In San Francisco Wednesday, Google just kicked off I/O, its annual conference for developers with the audiovisual bombast that's customary at these sorts of events. But underneath the music, behind the pulsing screens, a question lurked: What does it mean to be a "developer"? Who is Google speaking to?
I'd argue that the definition of "developer" is expanding to embrace a larger and larger set of people, people who previously thought of themselves merely as technology enthusiasts or heavy users of technology at home and in the workplace. And Google is at the forefront of pushing this redefinition.
Google executives Vic Gundotra and Sundar Pichai hinted at the expansiveness of I/O's reach. We've heard that some 7,500 developers are registered for this year's event. Gundotra, a longtime champion of developers at Google, noted that 1 million people were watching the live stream. (That's him in the image above.) And Pichai hinted at the explosion of post-PC, post-smartphone, post-tablet devices for which we might build experiences soon: Google Glass, smart watches, and other wearable-computing gadgets.
It's All About The Tools
A software developer, in the Microsoft era, was someone who wrote applications for a desktop PC.
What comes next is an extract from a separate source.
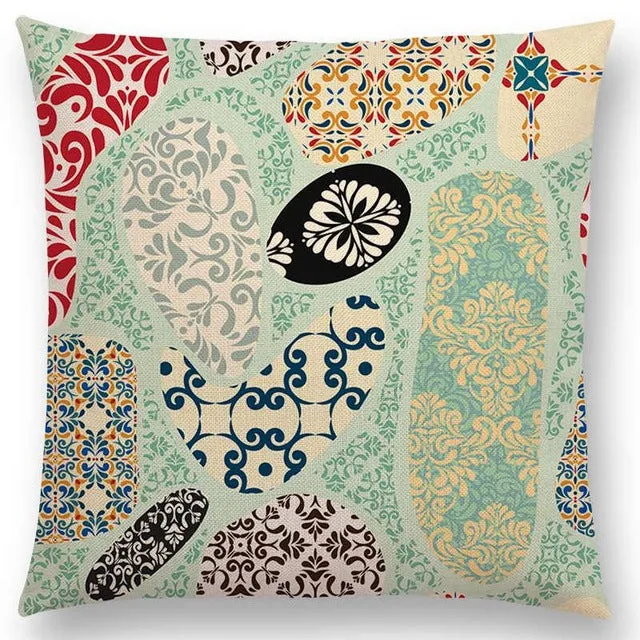 Hot Sale Boho Paisley Oriental Floral Pattern Navajo Geometric Prints Fantasy Petal Flowers Cushion Cover Sofa Throw Pillow Case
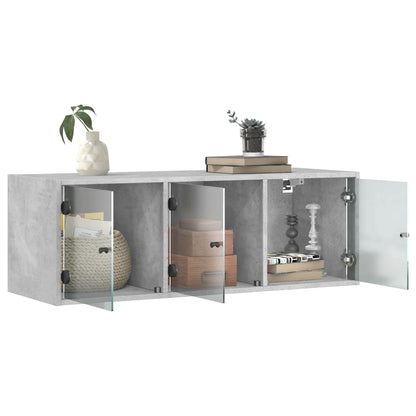 Mobile a Muro con Ante in Vetro Grigio Cemento 102x37x35 cm | homemem39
Now, we get computing devices through an explosion of screens, from TVs to big monitors on our desktops to tablets and smartphones. Google Glass and the Pebble smart watch give us even smaller screens—just enough room for blips of information. There are simply too many ways of delivering digital experiences for anyone to dedicate developers to each one.
That means that we need more and more layers of abstraction around the development of software. At I/O, Google showed off one such tool, called Android Studio, which aims to simplify the frustrating process of figuring out what screen an Android user might have. It was launched to big applause.
A new developer console for Google Play, Google's store for Android apps, tells developers when they're getting a lot of users in a specific country—and even offers a translation service to adapt apps to speak those users' language.
But Google also seems to be recognizing that there's a set of people who need simpler tools. Take its mobile content recommendations tool, which people can add to a website with a single line of code, like dropping in a YouTube video.
Think of managing a YouTube channel, or a page on the Google+ social network: Those, too, in a sense are working in code, though at a very high level.
As is anyone publishing a website. Google's tools for webmasters, aimed at helping them make sure users can find their pages in Web search, can be thought of as another form of access to Google's platform. Those are slowly getting woven into Google+, as are Google-linked Android and Web apps, which can now use Google+ to let users log in and share activity with friends.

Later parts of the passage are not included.